My friend Kevin asked me to run a game for his 12-year-old son and his friends this weekend. They’ve been getting vaguely interested in RPGs (I think he gave him both the 4e and Pathfinder Beginner’s Boxes) and wanted a) an experienced DM to run and b) him to have a chance to actually game with his son et al, both for the fun of it and also to show in a non-DM role “how to do stuff.”
I was like, “Twelve year old boys eh? OK, I know what to run,” and pulled out the Paizo Free RPG Day adventure “We Be Goblins,” (I had it in print but it’s also available as a free download from paizo.com) where the PCs are goblins sent to get some fireworks from a boat in the swamp. As many of you know, Pathfinder goblins are insane little melon-headed pyromaniacs that sing violent songs, like pointy things, and are generally demented little balls of energy.
It went great! Of course they were trying to kill each other before they had fully read their characters’ descriptions. As there were 5 players, I cloned Mogmurch the alchemist goblin into two brothers, Mogmurch and Mogmarch, with completely identical stats and backstory (except that their wives’ names are Rempty and Rumpty, also twins).
The dad played Reta the big fightery goblin (of course the one left unpicked due to being female) and the others played the rogue (Chuffy), cleric (Poog), and the two alchemists.
They got totally into it starting with the “Dares” at the opening bonfire, which is like Fear Factor for goblins. First was “Dance with Squealy Nord,” where they have to rodeo-ride a squealing piglet for three rounds. I like it when serendipity arises from dice rolls and snap GM calls – each goblin that tried, the first round the pig ran around and they managed to hold on. Then the second round, it jumped back and forth, and they all made that roll too. On the third round was when they all failed, so the first time I said it had run by a root sticking out of the wall of the mud pit and clotheslined the goblin off. Second goblin, same thing, because “goblins don’t learn.” Third goblin, same thing – it was the big-headed gobliness so I ruled that she tried to duck but there wasn’t enough clearance between the root and pig so off she went too. Finally the last goblin (Mogmurch) made all three rolls and won the rodeo and everyone was really stoked.
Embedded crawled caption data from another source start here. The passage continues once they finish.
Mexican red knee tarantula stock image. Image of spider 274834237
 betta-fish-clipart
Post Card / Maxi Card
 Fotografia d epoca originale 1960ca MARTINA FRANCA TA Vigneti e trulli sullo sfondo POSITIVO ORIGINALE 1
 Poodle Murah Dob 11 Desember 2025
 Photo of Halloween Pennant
Then they tried the “Eat A Bag Of Bull Slugs Real Quick” dare. Three goblins managed to get 1-2 of them down before puking. Finally Chuffy managed to eat all five, but at the cost of failing a save to become sickened for 24 hours, so he fled to an outhouse with projectile diarrhea. They came and pushed his prize (the chief’s magic dogslicer) under the door. The gross factor was also a big yuck-but-hit with the lads. “You hear a sound like ‘ptthpthppttthhhAIEEEEEEEEE’ coming from the outhouse,” I said.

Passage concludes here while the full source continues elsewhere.